## Entries supplied
----
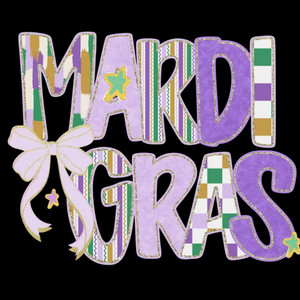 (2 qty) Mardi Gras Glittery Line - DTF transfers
----
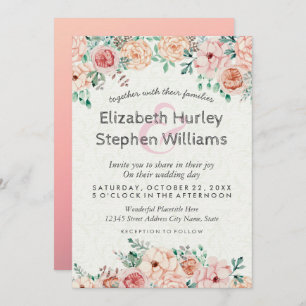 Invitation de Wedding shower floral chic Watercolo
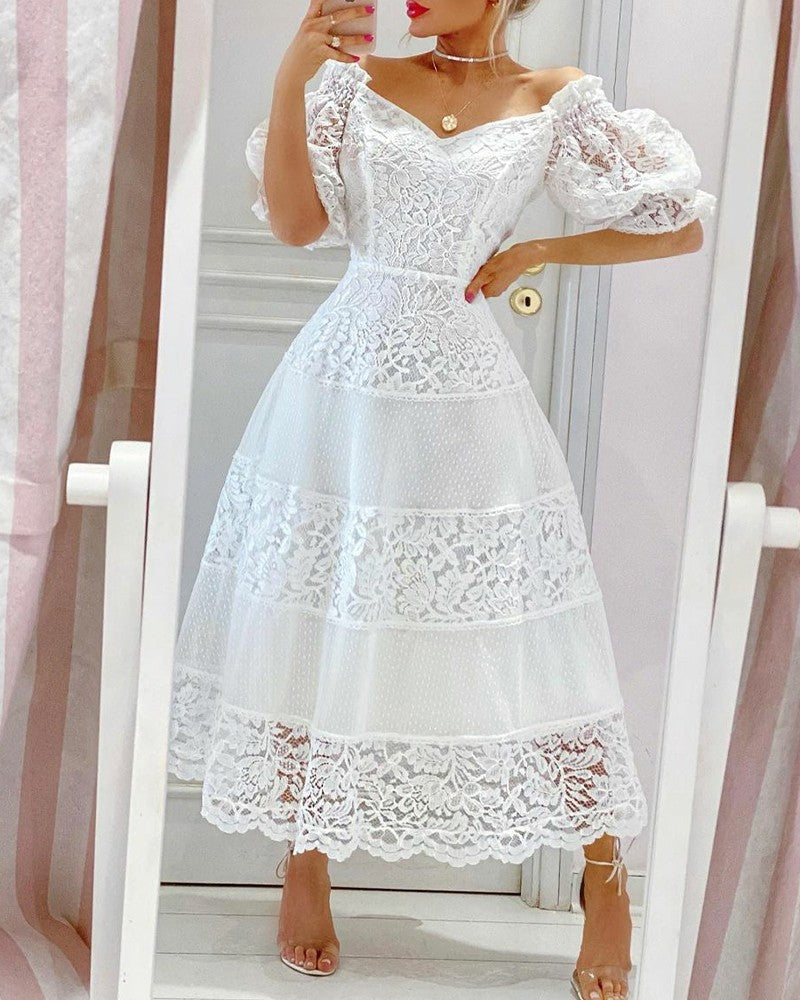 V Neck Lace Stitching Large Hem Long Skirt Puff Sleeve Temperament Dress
----
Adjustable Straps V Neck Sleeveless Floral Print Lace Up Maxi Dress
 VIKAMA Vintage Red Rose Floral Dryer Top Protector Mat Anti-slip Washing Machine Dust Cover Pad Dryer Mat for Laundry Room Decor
----
## Task description
The output is the stretch above from the line with "Invitation de Wedding" through the line with "V Neck Lace", copied word for word with both ends kept and every picture dropped.

## Task solution
 Invitation de Wedding shower floral chic Watercolo
 V Neck Lace Stitching Large Hem Long Skirt Puff Sleeve Temperament Dress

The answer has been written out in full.